Maritime strikes, mainland threats: U.S. military shadows Venezuela amid regime change whispers
TEHRAN – A concentrated U.S. military presence in the Caribbean — warships, patrol planes, MQ-9 drones, an F-35 squadron, and bomber flights — has sharply narrowed the political and diplomatic space around Venezuela.
Supersonic B-1 Lancer flights near the Venezuelan coast on October 23, following B-52 missions joined by Marine F-35s, read less like routine training to many observers than like a calibrated show of force designed to pressure Caracas.
Additionally, the U.S. announced the deployment of troops to Trinidad and Tobago for ‘military exercises,’ just across a channel less than 13 miles from Venezuela’s coast.
Washington says the deployments are aimed at transnational “drug cartels.” Critics, however, highlight the operation’s scale, the shift from law-enforcement language to wartime framing, and the combative rhetoric of the U.S. president and other senior officials.
They argue these elements suggest counternarcotics is serving as a pretext for broader objectives — including regime change and securing access to Venezuela’s hydrocarbons and mineral wealth.
The shift is particularly stark when U.S. officials have borrowed post-9/11 diction and operational logic, treating cartels as external “terrorist” networks to be hunted across maritime and sovereign boundaries.
Those shifts have already produced lethal outcomes. Since early September, U.S. strikes on vessels in international waters off Venezuela and in the eastern Pacific have killed dozens.
Public tallies put the toll at roughly 46 people across multiple incidents; the absence of transparent evidence and clear legal process has prompted accusations from regional governments and international rights experts that the strikes risk extrajudicial killings and erode established norms.
Rhetoric has matched force. President Trump’s recent declaration that the U.S. has “legal authority” to strike alleged drug transports — and his explicit warning that “we will hit them very hard when they come in by land” — escalates the danger by openly contemplating terrestrial operations that would cross a sovereign threshold. “We’re not happy with Venezuela for a lot of reasons,” Trump bluntly remarked.
Such public signaling compresses options for diplomacy and increases the chance of miscalculation.
Caracas has responded with a mixture of defiance and public appeals for calm.
President Nicolás Maduro has accused Washington of an “open conspiracy” to unseat him, announced expanded coastal defenses, and notably claimed large deployments of Igla-S and other air-defense systems — a message aimed at deterring invasion while projecting unity between armed forces and popular militias.
Still, his repeated, unmistakable plea — “No crazy war… peace, peace, peace” — underscores that Venezuela’s leadership wants to avoid an all-out conflict.
Diplomacy has faltered.
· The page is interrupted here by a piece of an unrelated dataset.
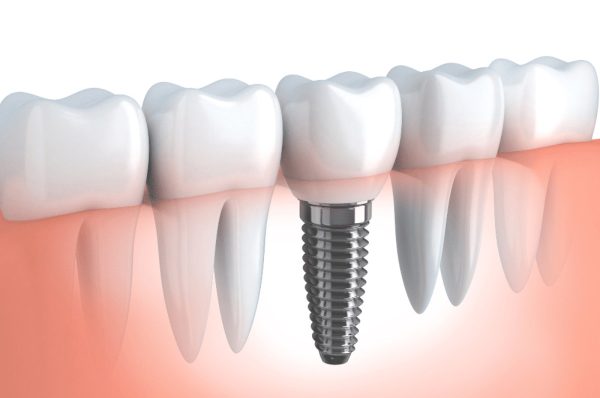 choose the best dental clinic for your dental implants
Earlier engagement led by U.S. envoy Richard Grenell collapsed amid mutual distrust and Washington’s insistence that Maduro relinquish power, a condition Caracas treated as proof that talks were a prelude to regime change. Opposition leader María Corina Machado’s Nobel Prize has heightened her profile, providing outside powers with a new focal point for advancing interventionist narratives.
Concurrently, Secretary of State Marco Rubio’s entrenched hardline stance — branding Maduro illegitimate, driving sanctions, and endorsing coercive measures — has further constricted the political space for genuine dialogue.
Moreover, the sudden announcement of Admiral Alvin Holsey’s early retirement from U.S. Southern Command — two years ahead of schedule — has fueled speculation in the Pentagon and on Capitol Hill about internal dissent over the legality of strikes near Venezuela and frictions with civilian leadership, according to The Intercept.
His departure underscores mounting strains in command cohesion and oversight amid the Caribbean military buildup.
In a nation already scarred by sanctions and economic siege, each new strike and threat heightens the risk of miscalculation.
The choice is stark: defuse the spiral of unilateral force and coercion, or allow the dangerous normalization of regime change by military means.